August 16, 2010
by Brian Leubitz
As was mentioned in the comments, the brief is essentially a revising of history trying to ignore the fact that the trial took place. But they get the whole party started off right: by using italics (which appear here as bold)!
But when Plaintiffs’ distortions, cariatures, and straw men are cleared away, their constitutional challenge to Proposition 8 boils down to this: the institution of marriage has been deliberately defined as an opposite-sex union by virtually every society throughout history – from the ancients to the American states – for no good reason.
So, there you have it. The entire case boiled down to one easy sentence courtesy of Chris Cooper and the Prop 8 legal team. You can all go home now, because this thing is all wrapped up into a tidy box with a shiny bow of discrimination.
In real life however, such quick rejections in legal documents aren’t really going to change any minds, or win any stays. So, they do waste 22 perfectly good pieces of paper to write some other startling pieces of legally questionable arguments. Matty Matt pointed this one out in the comments of the previous thread, and it is definitely worth addressing:
Because Plaintiffs have no concrete plans to marry, not only will a stay not harm them, but their standing to maintain this action is doubtful. At any rate, Plaintiffs’ claims of harm to themselves, like their claims regarding the public interest, depend entirely on their claim that Proposition 8 is unconstitutional. (Brief at page 15)
This is another standing issue, but it brings up different questions than the question of the proponents ability to pursue appeal. Under the jurisprudence on standing, the plaintiff must have a concrete injury. Now, that is not to say that the emotional harm isn’t necessarily enough to pursue the case, because that would be a question that is on the fuzzy side that we wouldn’t really want to mess with. The two couples who serve as the plaintiffs surely want to marry, but they want their legal case to be settled. If they were to marry during the stay, their ability to continue the case could be called into question. Out of an abundance of caution, they are waiting until the case if finally resolved, but that doesn’t mean that Cooper and the gang won’t try to use it.
That being said, this is fundamentally a weak argument. The case cited, Lujan v. Defenders of Wildlife, is a very different question.
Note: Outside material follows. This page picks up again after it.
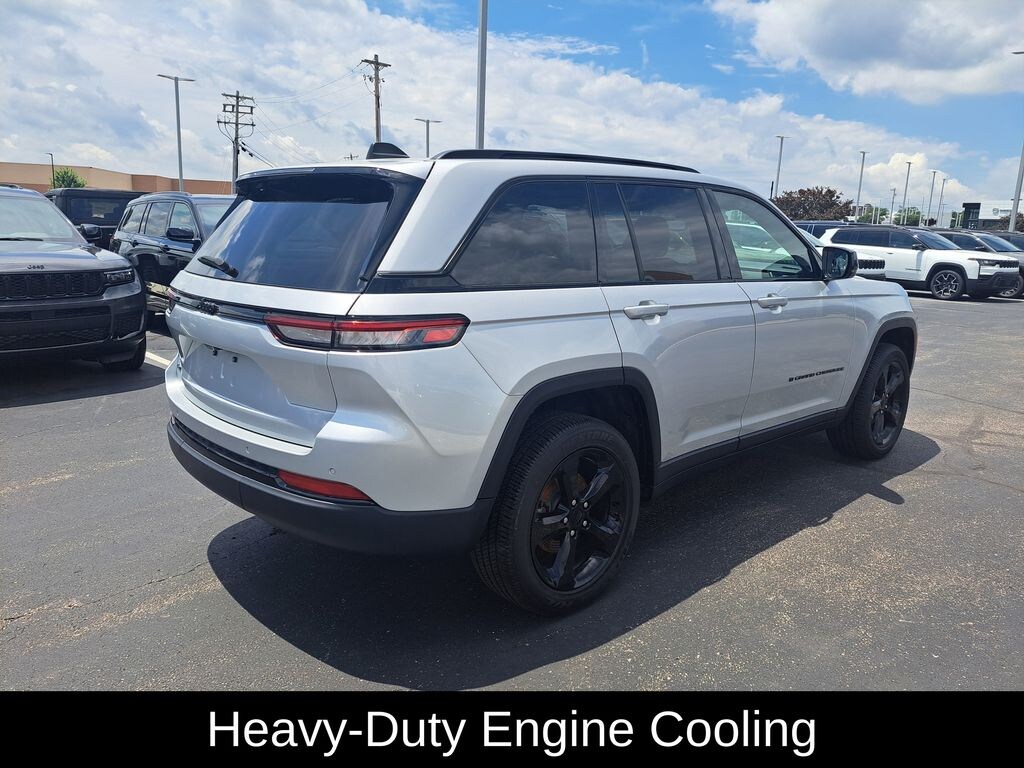 Used 2024 Jeep Grand Cherokee Laredo SUV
In that case, some environmentalists sued the government over a couple of development projects on other continents would possibly harm some habitat of some endangered species. The plaintiffs claimed their injury was that they wouldn’t be able to see the animals on some as-yet defined trip to the regions. The court said that was insufficient, with Justice Scalia saying that a plane ticket to the region would have been sufficient for standing. Now, there was debate at the time of that decision as to its legal basis, but that is the law of the land as it stands.
It really is not that hard to distinguish the Prop 8 case from Lujan. First, if you even just go by Justice Scalia, the plaintiffs engagement should be their “plane ticket” to satisfy standing requirements. Many couples take years to plan weddings, and these couples should not be forced to plan a wedding at some undetermined date simply because there is a “window.” The plaintiffs want to marry, and they want the right to marry at a time of their own choosing. Furthermore, these couples have a much more tangible right at question here than the simple good feeling from knowing a species is alive on the other side of the world.
With these sorts of winning arguments, I almost expect Andy Pugno to ask the Court “I know you are, but what am I?”